◆ Your task: Exact duplicates of all the records are needed.

Given information Start Marker

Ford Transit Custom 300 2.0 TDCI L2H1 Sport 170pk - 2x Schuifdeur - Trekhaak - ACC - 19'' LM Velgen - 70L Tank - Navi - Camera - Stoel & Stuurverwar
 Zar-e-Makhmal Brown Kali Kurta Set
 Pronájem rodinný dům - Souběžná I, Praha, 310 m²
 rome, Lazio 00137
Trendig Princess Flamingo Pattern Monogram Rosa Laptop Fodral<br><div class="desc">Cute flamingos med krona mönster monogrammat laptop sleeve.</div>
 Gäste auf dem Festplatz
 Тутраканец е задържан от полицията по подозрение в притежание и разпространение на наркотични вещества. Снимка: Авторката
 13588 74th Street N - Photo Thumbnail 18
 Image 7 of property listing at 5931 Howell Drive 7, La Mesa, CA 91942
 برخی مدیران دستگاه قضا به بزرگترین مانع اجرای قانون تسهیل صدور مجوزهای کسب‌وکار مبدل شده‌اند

Given information End Marker

◆ Written response:
Ford Transit Custom 300 2.0 TDCI L2H1 Sport 170pk - 2x Schuifdeur - Trekhaak - ACC - 19'' LM Velgen - 70L Tank - Navi - Camera - Stoel & Stuurverwar
 Zar-e-Makhmal Brown Kali Kurta Set
 Pronájem rodinný dům - Souběžná I, Praha, 310 m²
 rome, Lazio 00137
Trendig Princess Flamingo Pattern Monogram Rosa Laptop Fodral<br><div class="desc">Cute flamingos med krona mönster monogrammat laptop sleeve.</div>
 Gäste auf dem Festplatz
 Тутраканец е задържан от полицията по подозрение в притежание и разпространение на наркотични вещества. Снимка: Авторката
 13588 74th Street N - Photo Thumbnail 18
 Image 7 of property listing at 5931 Howell Drive 7, La Mesa, CA 91942
 برخی مدیران دستگاه قضا به بزرگترین مانع اجرای قانون تسهیل صدور مجوزهای کسب‌وکار مبدل شده‌اند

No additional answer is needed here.